Aburto-Oropeza is still using photos to communicate his scientific work, but his audience has expanded significantly. He’s a professor of marine biology at Scripps, and his photos depicting marine life have won international awards for photography and conservation and been published everywhere fromNational Geographic to the Daily Mail. His work is the subject of an exhibit at Birch Aquarium at Scripps. And now, he’s garnered one of his most prestigious prizes yet: the Explorers Club named Aburto-Oropeza as its 2017 Rolex Artist-in-Exploration. 

The award is a $25,000 grant, sponsored by Rolex, to support an artist working in the spirit of the Explorers Club, a renowned professional society that has supported scientific exploration for over 100 years. Aburto-Oropeza’s grant will support four expeditions to document four different mangrove forests in the Tropical Eastern Pacific Ocean.

Mangroves are trees that grow in the transition between land and ocean in tropical and subtropical areas, and provide many critical ecosystem functions.

It Takes a Village

Baja Expeditions’s founder Tim Means helped to build the stable base for exactly the work that continues today in the form of intentional wilderness expeditions. Through almost a half-century of work in eco-tourism and land advocacy and conservation, Means’s efforts. together with those of a like-minded collective, have inspired and cultivated institutional advocacy, community engagement and organizing, and sustained alternative economic opportunity and concrete policy decrees. They have also provided inspiration for the conservation of wild places and inhabited wilderness in the Baja peninsula. Means is also one of three co-founders of Sociedad de Historia Natural Niparajá, named for the local Pericú indigenous community.

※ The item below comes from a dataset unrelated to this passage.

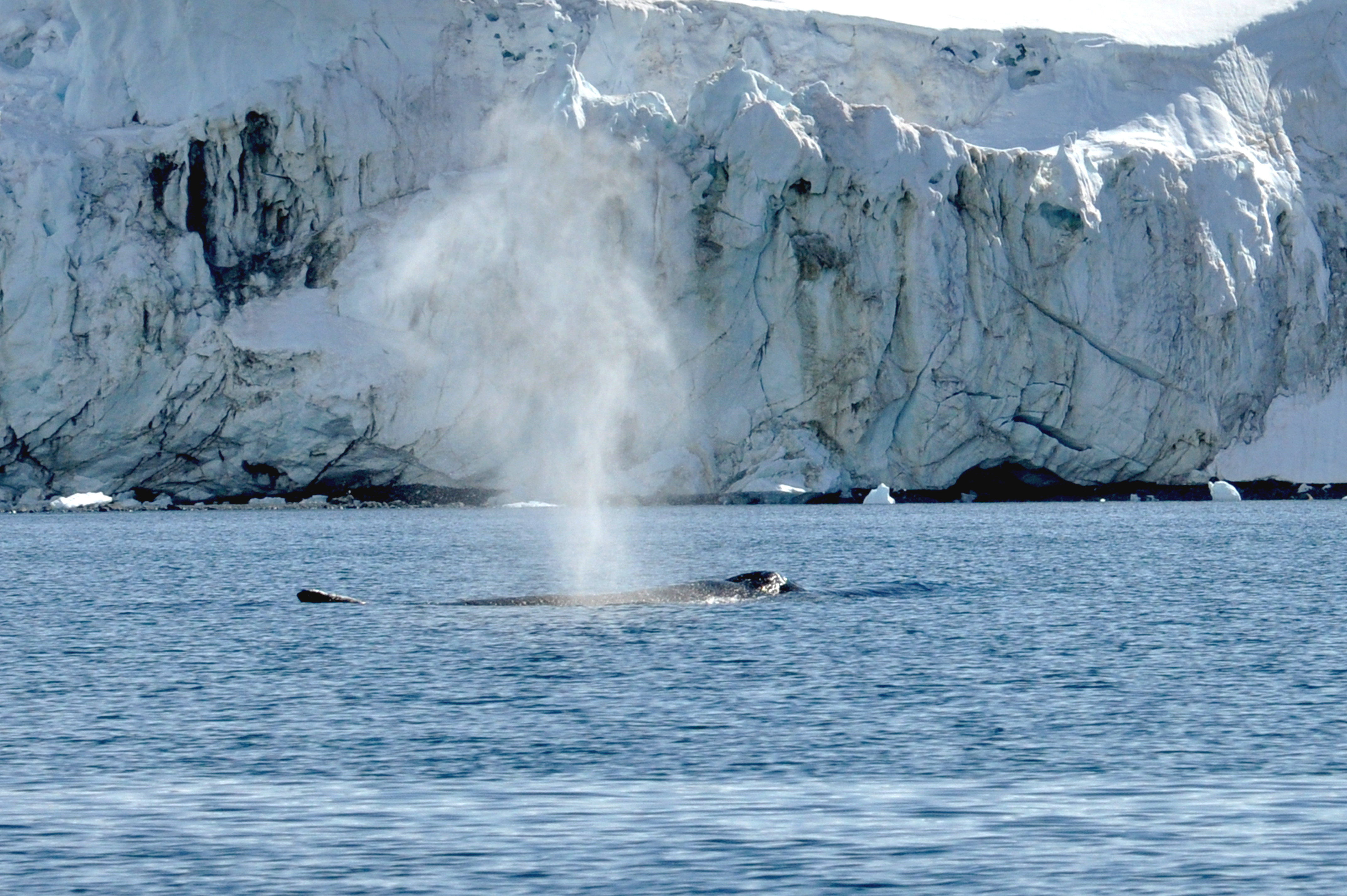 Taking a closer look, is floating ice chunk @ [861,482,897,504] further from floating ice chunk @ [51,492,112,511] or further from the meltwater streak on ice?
floating ice chunk @ [51,492,112,511]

In keeping with Means’s legacy and vision, Baja Expeditions continues to offer an array of expeditions, day trips, and community activities that give back; a portion of proceeds from all of our programming helps subsidize our support of local environmental education, research, and community projects. We love sharing our work with our guests, and coming up with new ways to advocate for the health of our seas and coasts. It takes a village to conserve a peninsula.

We can’t wait to welcome the Expedition Team back to La Paz this weekend!